The amount that may be recovered under this Section 12 shall be determined on a gross basis without reduction for taxes paid or payable by an Associate.
13. Compliance with Section 409A of the Code.
(a) If and to the extent (i) any portion of any payment to the Associate pursuant to this Agreement in connection with his or her employment termination constitutes “nonqualified deferred compensation” within the meaning of Section 409A of the Code and (ii) the Associate is a specified employee as defined in Section 409A(a)(2)(B)(i) of the Code, in each case as determined by Staples in accordance with its procedures, by which determination the Associate (through accepting the Units) agrees that he or she is bound, such portion of the payment shall not be paid before the earlier of (i) the Associate’s death or (ii) the day that is six months plus one day after the date of “separation from service” (as determined under Section 409A of the Code) (such date, the “New Payment Date”), except as Section 409A of the Code may then permit. The aggregate amount of any payments that otherwise would have been paid to the Associate during the period between the date of separation from service and the New Payment Date shall be paid to the Associate in a lump sum on such New Payment Date, and any remaining payments will be paid on their original schedule.

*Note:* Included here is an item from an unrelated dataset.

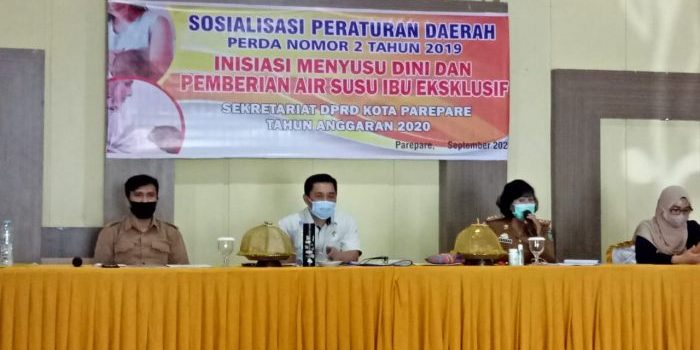 Ketua Komisi II DPRD Parepare Sosialisasikan Perda IMD, Minta Instansi Sediakan Ruang Laktasi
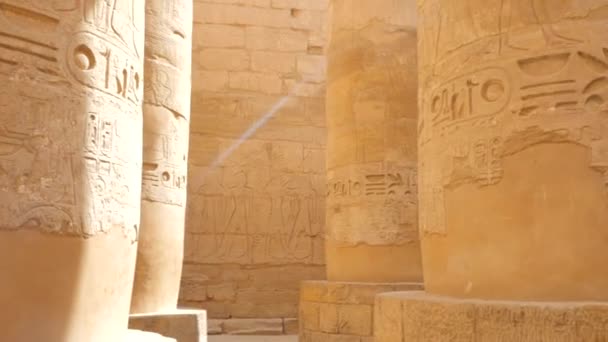 Säulenhalle mit Hieroglyphen - Filmmaterial, Video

(b) This Agreement is intended to comply with the requirements of Section 409A of the Code and shall be construed consistently therewith. In any event, Staples makes no representation or warranty and shall have no liability to the Associate or any other person if any provisions of or payments, compensation or other benefits under the Plan or this Agreement are determined to constitute nonqualified deferred compensation subject to Section 409A of the Code but do not satisfy the conditions of that section.
14. Miscellaneous.
(a) Except as provided herein, this Agreement may not be amended or otherwise modified unless evidenced in writing and signed by Staples and the Associate unless the Board of Directors determines that the amendment or modification, taking into account any related action, would not materially and adversely affect the Associate.
(b) All notices under this Agreement shall be mailed or delivered by hand to Staples at its main office, Attn: Secretary, and to the Associate to his or her last known address on the employment records of Staples or at such other address as may be designated in writing by either of the parties to one another.
(c) This Agreement shall be governed by and construed in accordance with the laws of the State of Delaware.